From the News

Hurricane Sandy and Losing Control

I like to believe I am a calm, controlled kind of woman.

So when I heard about the storm of the century heading our way, Doug and I took all the necessary precautions.

Hurricane Sandy & Marblehead [Front Street 9]
Hurricane Sandy & Marblehead [Front Street 9] (Photo credit: The Birkes)
We filled the tub with water, charged up our battery-powered lights, moved all of our deck furniture, brought in all the pumpkins and Halloween decorations, made a pot of soup, did all the laundry and checked bits of advice of preparations lists.

Then, we waited.

And watched the news.

Always a mistake. But, how do you pull yourself away from it?

The more I watched, the more my anxiety grew.

The sky darkened, the rains poured down, and the winds picked up.

I pestered Doug with questions like, “Should I move that bike out of the backyard?
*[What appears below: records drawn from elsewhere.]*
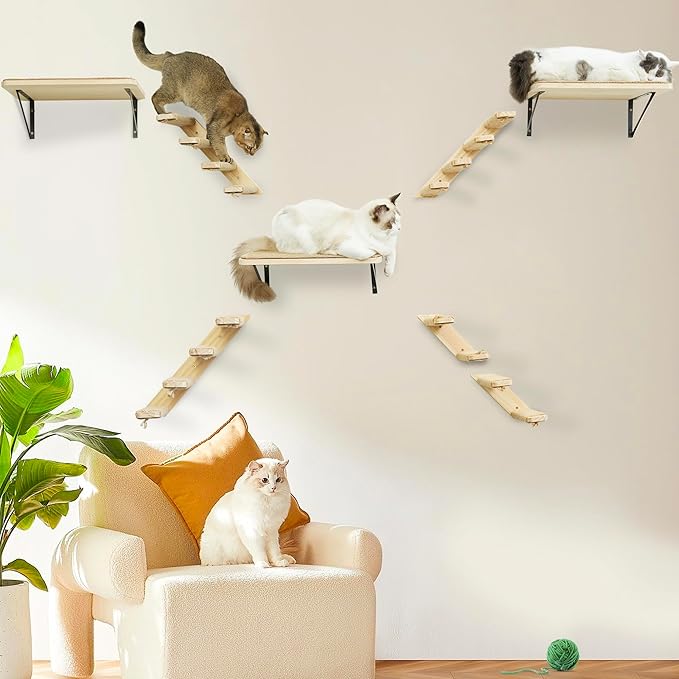 Cat Climbing Shelves Wall Mounted 2PCS Four Steps Reversible Left & Right Direction, Cat Shelf Stairway for Wall with Jute Scratching Ladder Shelves Pet Furniture for Perch Sleeping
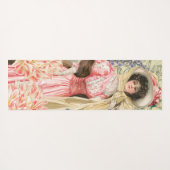 Roze Bloemrijke Victoriaanse Vrouw Regency Yogamat (Achterkant (horizontaal))
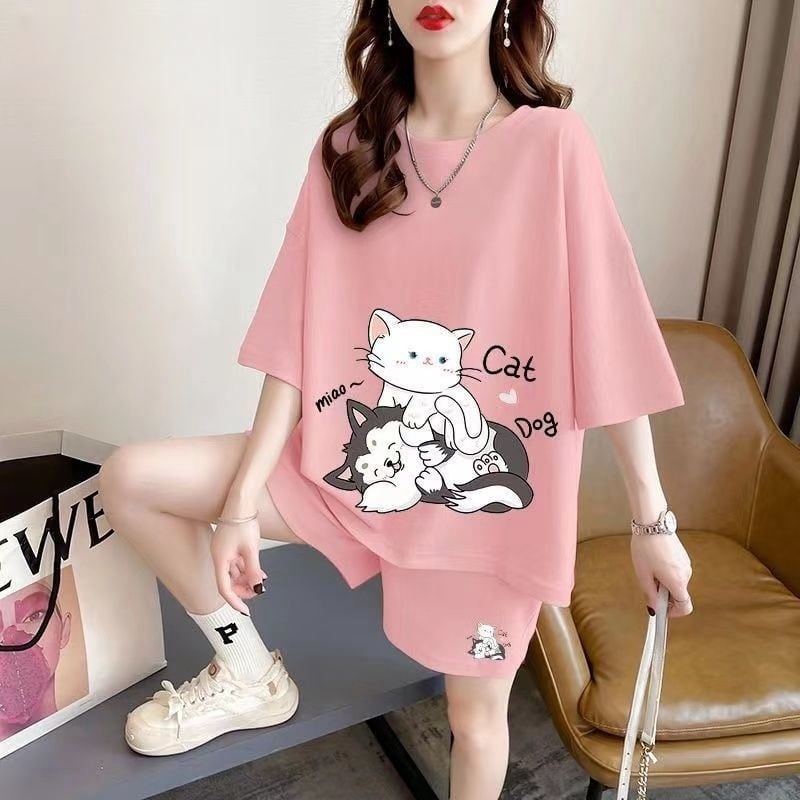 大人可愛い 上質 半袖Tシャツⅹパンツセット全4色 男女兼用 ins-6551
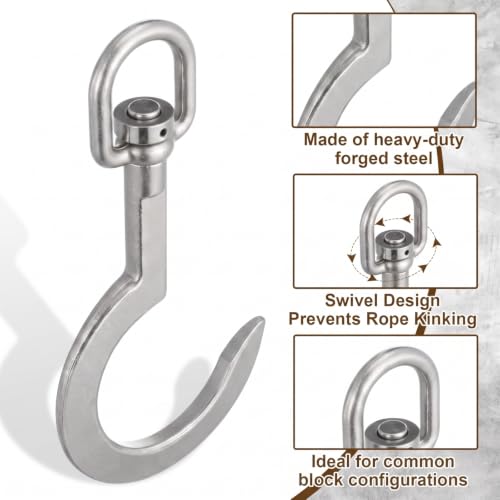 Duraaamo Swivel Anchor Hook for HVAC Roof Work 750 Lb, 6.5 Inch, Silver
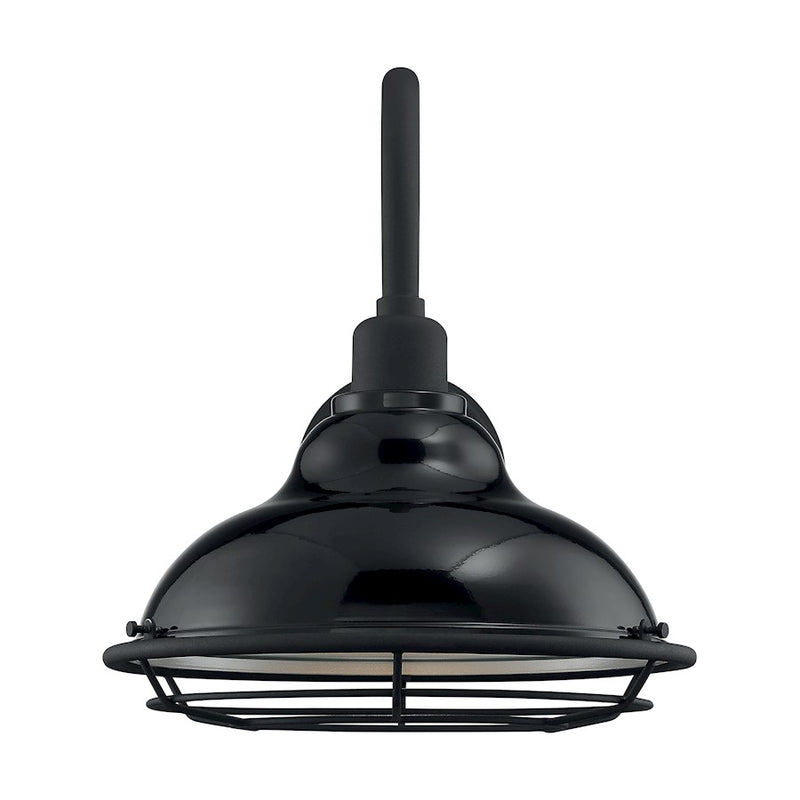 Nuvo Lighting Newbridge 12in 1-Light Wall Sconce | Farmhouse Gloss Black and Silver Metal | Indoor & Covered Patio | 12 x 12 x 14.13 in | Model 60-7002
Should we go to the basement now?”

I also kept returning to the bags of Halloween candy like they were the last bags of candy I would ever see in my life.

Halloween Candy
Halloween Candy (Photo credit: JefferyTurner)

I wrote a couple of storm stories for the Deseret News to stay busy.
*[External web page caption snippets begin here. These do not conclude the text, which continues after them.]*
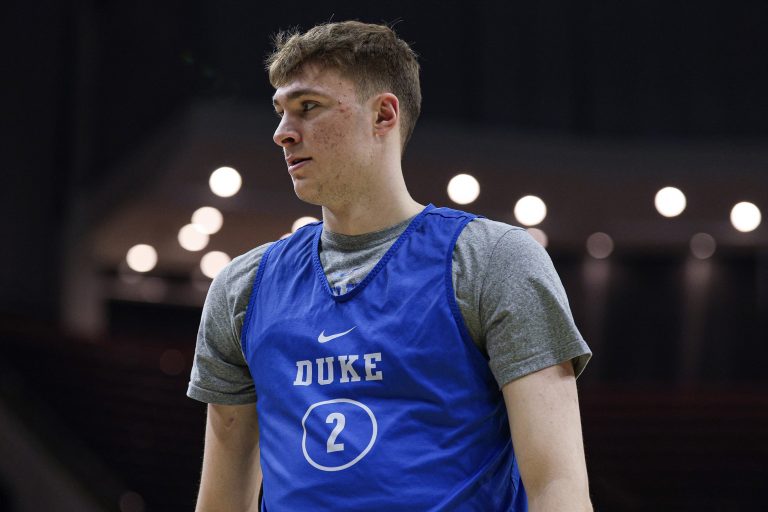 Duke Blue Devils forward Cooper Flagg (2) during a practice session in preparation for an East Regional semifinal game against the Arizona Wildcats at Prudential Center.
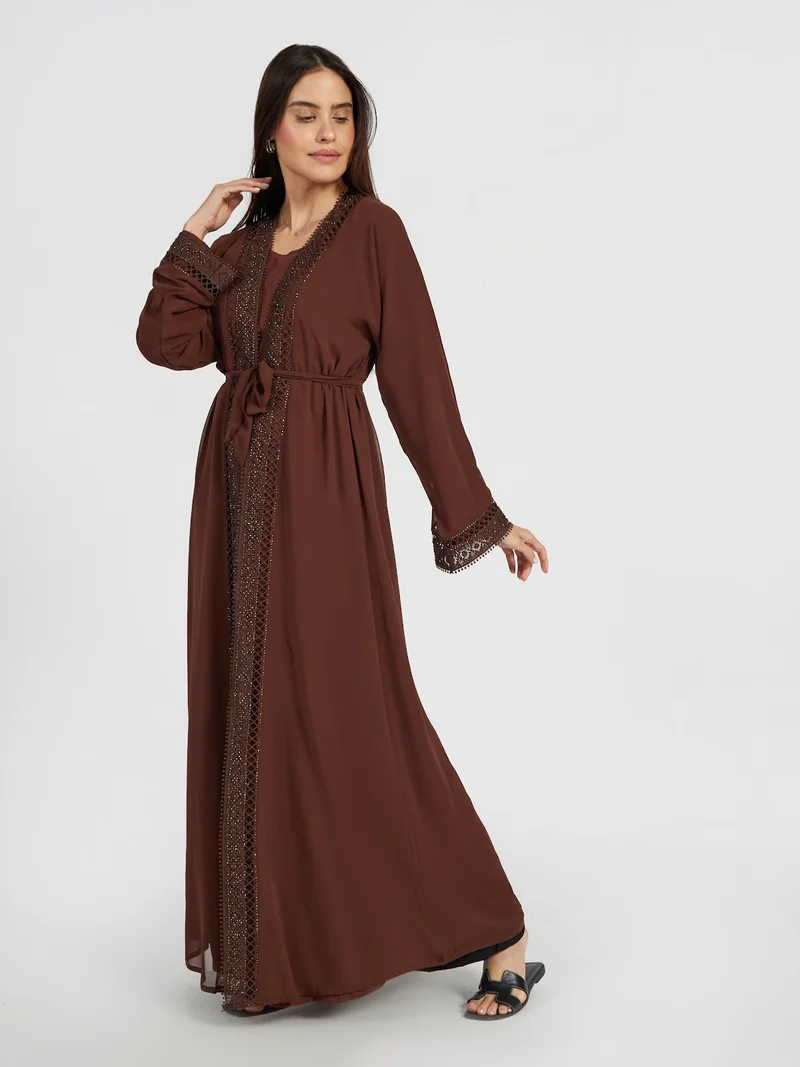عباءات ريم Deep Coffee Brown Modest Abaya Set with Intricate Embroidery & Belt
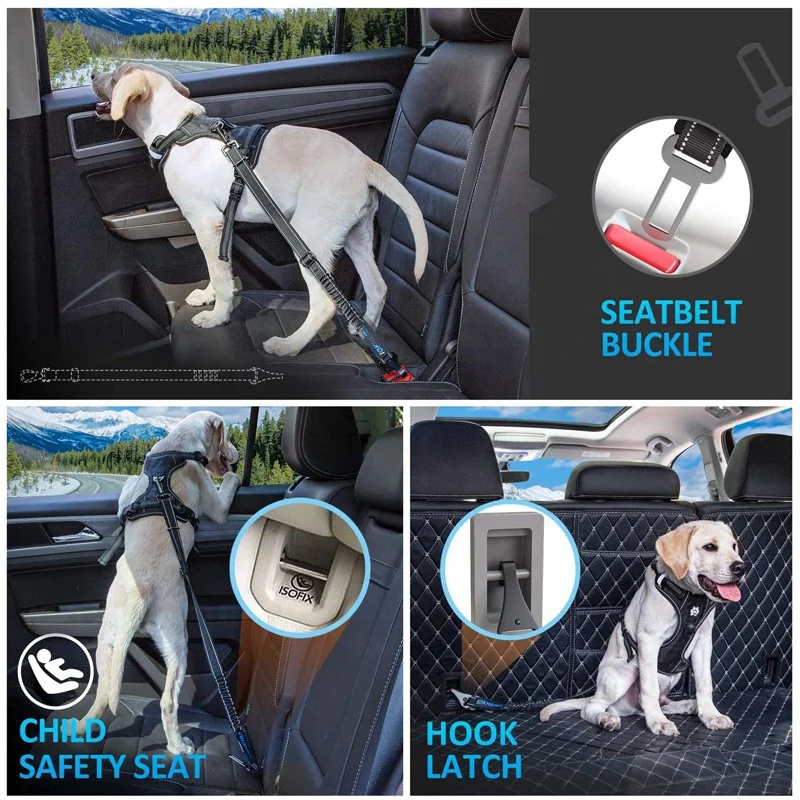 Best Quality Elastic & Durable Car Harness Retractable Dog Car Seat belt Adjustable Nylon Pet Seat Safety Belt for Vehicle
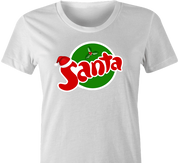 funny Santa Clause Christmas Fanta Soda Pop Soft Drink Parody parody women's t-shirt white 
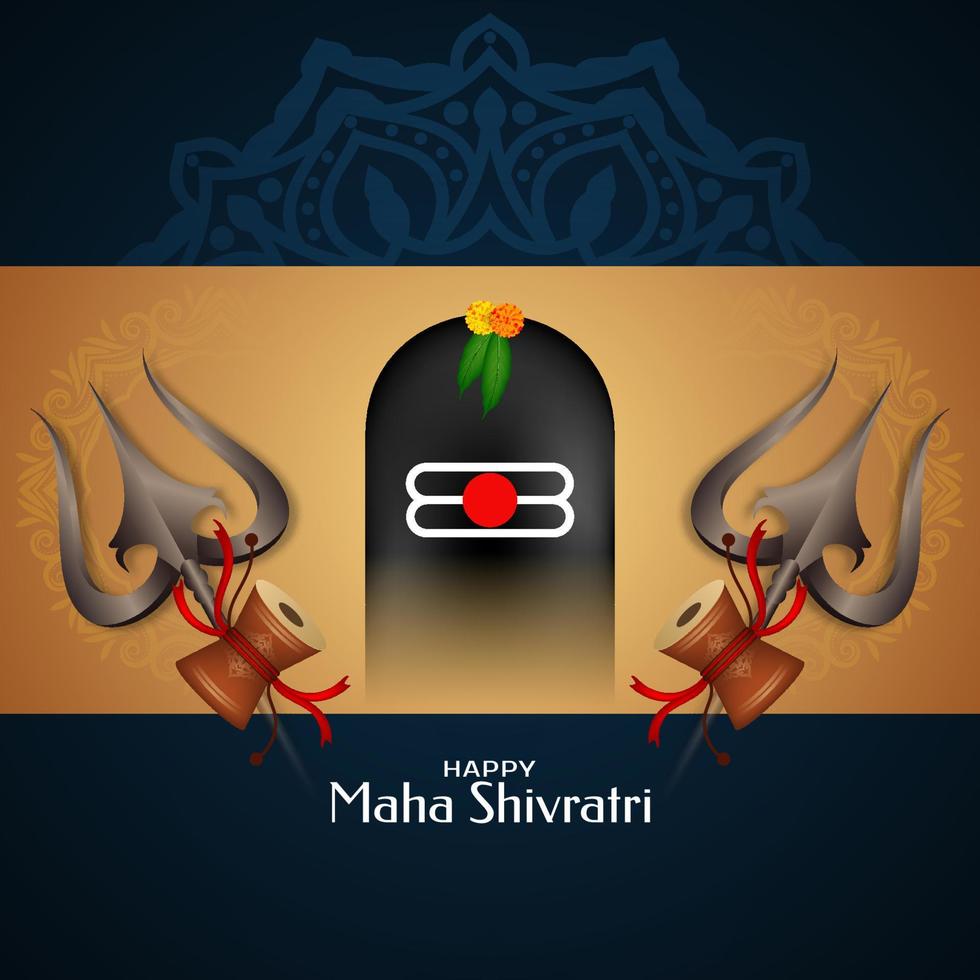 feliz maha shivratri senhor shiva adoração cartão festival religioso vetor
http://www.deseretnews.com/article/865565510/Northern-Virginians-hunker-down-during-Hurricane-Sandy.html

http://www.deseretnews.com/article/865565593/Tens-of-Thousands-Without-Power-in-DC-and-worst-is-yet-to-come.html

I checked Twitter and Facebook obsessively and I looked out the window repeatedly.

Image representing Twitter as depicted in Crun...

Doug told me to relax and sit down.

Relax?

We  have a hurricane the size of Texas heading our way!  The weatherman says we could lose power for weeks!

How can I relax?

I could not relax.

More TV, more Twitter, more Facebook, more window watching, and more candy.

Finally, it was bedtime.

Every time I closed my eyes a gust of wind or a heavy downpour jolted me out of bed.

I kept looking toward the window to make sure the streetlights were still on.

Finally, I fell asleep and empathized with Dorothy and Toto.

The next day, I woke up and it was over.

Trees standing. Power still on. Basement dry.

Enormous relief and gratitude washed over me.

Then, I turned on the news and saw what was happening to our neighbors in Pennsylvania, New Jersey and New York.

And while my personal worries had evaporated and my high level anxiety had subsided, I felt guilty.

Why did we get off so easy while they got totally slammed?

As I watched homeowners standing in their vanished neighborhoods holding their children and shaking their heads in disbelief, I was reminded of  how desperately we all want control over our lives and how tragedies like this prove to us that we never really have it.

When I was going through chemotherapy (a recurring theme in a lot of my blog posts, I know. I know…), I stood over my jewelry box one afternoon and dumped everything out on my dresser.

Feverishly I focused on sorting all my jewelry and organizing it neatly into little compartments.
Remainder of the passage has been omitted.